En 1949, Ray Bradbury toma un autobús y tarda cuatro días en atravesar los Estados Unidos; su objetivo: buscar editoriales en Nueva York para publicar los relatos a los que ha ido dando forma, desde que la revista Amazing Stories, pionera en lo que se dio en llamar science-fiction, le cautivara desde niño. Toda una vida más tarde, en la introducción de El maravilloso traje de color vainilla (Minotauro, 2003), que incluyó tres obras teatrales, dio una definición de su género predilecto: «La ciencia ficción es lo que le ocurrió a la magia cuando pasó por las manos de los alquimistas y se convirtió en historia futura». Pero a Bradbury no le sería fácil consagrarse a ella: sin dinero para ir a la universidad, en 1938, tendría que vender periódicos en la calle durante tres años en Los Ángeles, ciudad a la que su familia se había trasladado cuatro años antes desde su natal Waukegan, ciudad ubicada en el condado de Lake, en el estado de Illinois.

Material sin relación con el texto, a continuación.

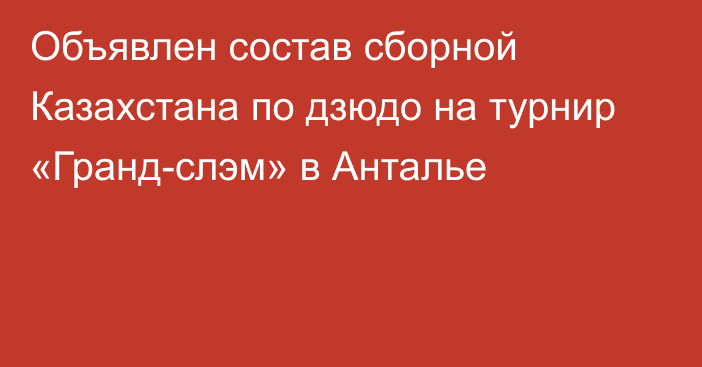 Объявлен состав сборной Казахстана по дзюдо на турнир «Гранд-слэм» в Анталье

Alquilando una Underwood o una Remington en la sala de mecanografía de la biblioteca de la Universidad de California, a razón de diez centavos la media hora, lleva al papel su desbordante imaginación y concibe «El bombero», primer borrador de Fahrenheit 451, que escribirá en nueve días a todo gas y se publicará en 1953. El argumento de la novela —popularizado gracias a la adaptación al cine de François Truffaut, en 1966, con Julie Christie y Oskar Werner como protagonistas— era tan fantástico como crudamente premonitorio: la lectura está prohibida en un futuro indefinido, y los bomberos, en vez de apagar fuegos como antaño, se encargan de quemar las casas donde se esconden libros (el título alude a la temperatura a la que arde el papel). El poder político quiere igualar así a todos los ciudadanos para que obedezcan sin pensar por sí mismos, teledirigiéndolos mediante programas que surgen en las pantallas instaladas por doquier. El bombero Montag cede a la tentación de abrir un libro, lo que será el comienzo de su huida al campo, donde conocerá a otros exiliados, los Hombres-libro, capaces de memorizar un volumen entero para garantizar la pervivencia de la cultura y la libertad.

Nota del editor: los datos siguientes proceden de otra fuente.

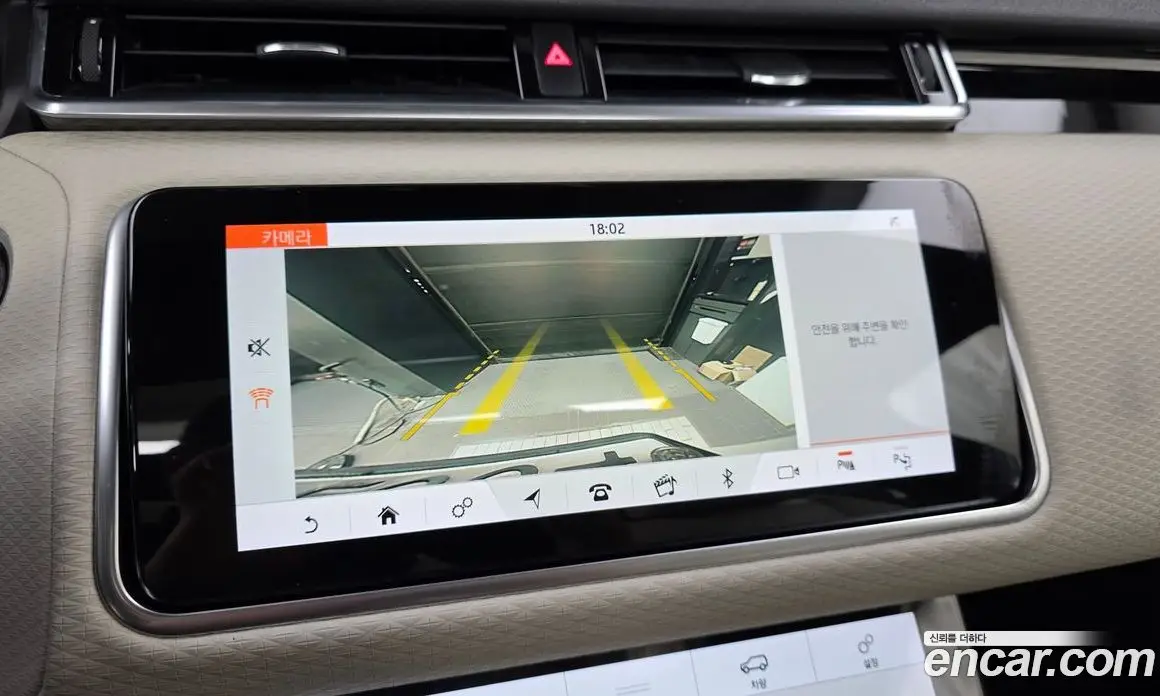 Land Rover Range Rover Velar 2019 2.0 АКПП, фото 15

Una historia que tratase la censura en tiempos de McCarthy, quien ordenó la retirada de ciertos libros de las bibliotecas por «corruptos», no iba a ser fácil que viera la luz. Bradbury detalla la génesis de la novela y estas dificultades en el postfacio de la edición especial que Minotauro lanzó por los cincuenta años del libro en el 2003. En verdad, Fahrenheit 451 fue acumulando rechazos hasta que apareció un editor que preparaba una revista que daría que hablar, Playboy, y allí, entre chicas desnudas y las llamas de los libros prohibidos, emergería de forma definitiva la carrera literaria de este gran hombre cuya actitud frente a la literatura, desde que empezara a publicar cuentos en revistas y viera la luz su primer libro, Carnaval oscuro (1947), adquiere un carácter cada vez más valioso en el mundo cultural contemporáneo, presionado por el mercado y las etiquetas. Pues su integridad radica en algo obvio pero fundamental: la fidelidad a sí mismo por encima de cualquier otra cosa, y con una disciplina y regularidad increíbles desde que, a los doce años, recibiera una máquina de escribir con la que se propuso cada día redactar al menos mil palabras el resto de su vida, teniendo claro muy pronto que el único fracaso en el arte consiste en detenerse, en abandonar.

Pero, antes de esa obra, Bradbury ha ido escribiendo una serie de textos dispersos sobre una conquista fantasmagórica de Marte ambientada en 1999 y que acabarán por cobrar forma gracias a ese viaje a la Gran Manzana, al sugerirle su agente y un editor que, curiosamente, se apellidaba igual que él, que formara un libro de carácter unitario. De allí Bradbury volvería con dos contratos: el de una reunión de cuentos, El hombre ilustrado, más el de Crónicas marcianas. Jorge Luis Borges, no demasiado dado a atender obras contemporáneas en su edad madura, se quedaría prendado ante esta joya de la ciencia ficción: «¿Qué ha hecho este hombre de Illinois, me pregunto, al cerrar las páginas de su libro, para que episodios de la conquista de otro planeta me llenen de terror y de soledad?», escribió.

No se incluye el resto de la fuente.